Alexandria Engineering Journal (Jan 2023)
Genomic image representation of human coronavirus sequences for COVID-19 detection
Abstract
Coronavirus (CoV) disease 2019 (COVID-19) is a severe pandemic affecting millions worldwide. Due to its rapid evolution, researchers have been working on developing diagnostic approaches to suppress its spread. This study presents an effective automated approach based on genomic image processing (GIP) techniques to rapidly detect COVID-19, among other human CoV diseases, with high acceptable accuracy. The GIP technique was applied as follows: first, genomic graphical mapping techniques were used to convert the genome sequences into genomic grayscale images. The frequency chaos game representation (FCGR) and single gray-level representation (SGLR) techniques were used in this investigation.
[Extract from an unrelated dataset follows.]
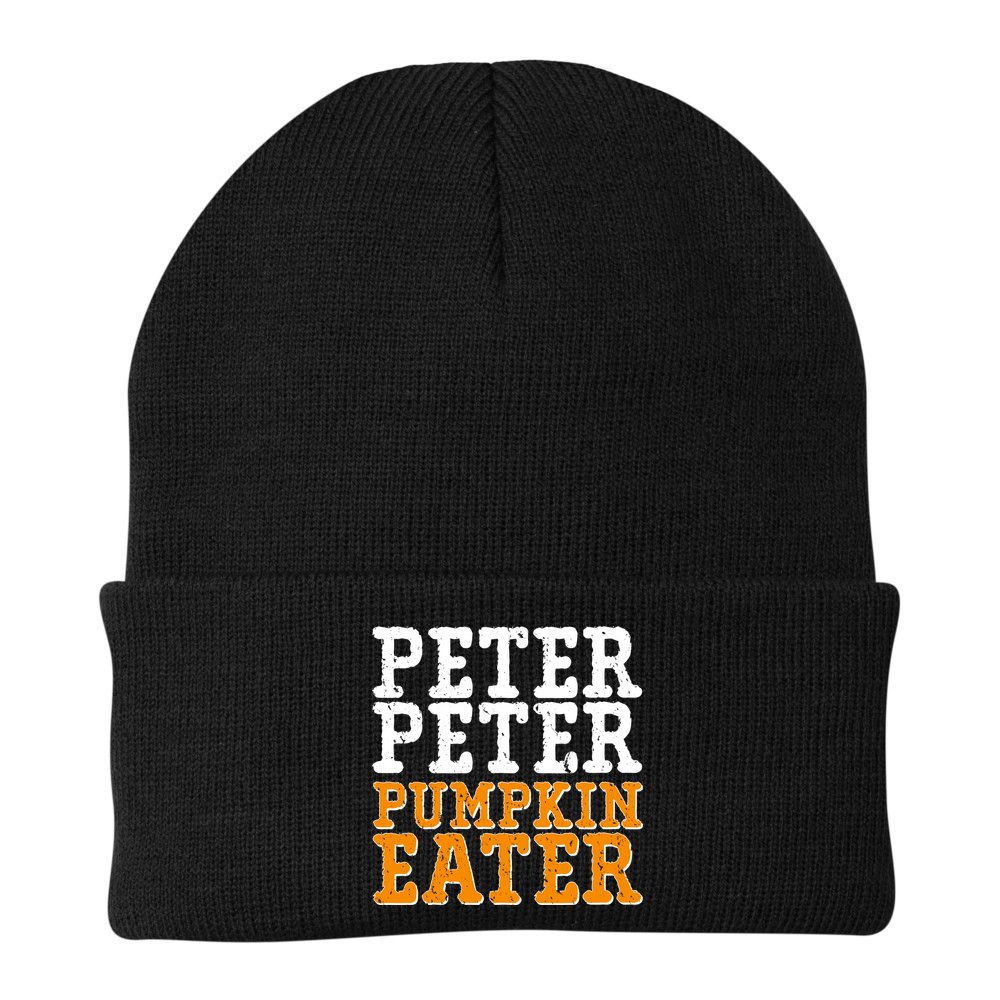 Halloween Peter Peter Pumpkin Eater Beanie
Then, several statistical features were obtained from the images to train and test many classifiers, including the k-nearest neighbors (KNN). This study aimed to determine the efficacy of the FCGR (with different orders) and SGLR images for accurately detecting COVID-19, using a dataset containing both partial and complete genome sequences. The results recommended the fourth-order FCGR image as a proper genomic image for extracting statistical features and achieving accurate classification. Furthermore, the results showed that KNN achieved an overall accuracy of 99.39% in detecting COVID-19, among other human CoV diseases, with 99.48% precision, 99.31% sensitivity, 99.47% specificity, 0.99 F1-score, and 0.99 Matthew's correlation coefficient.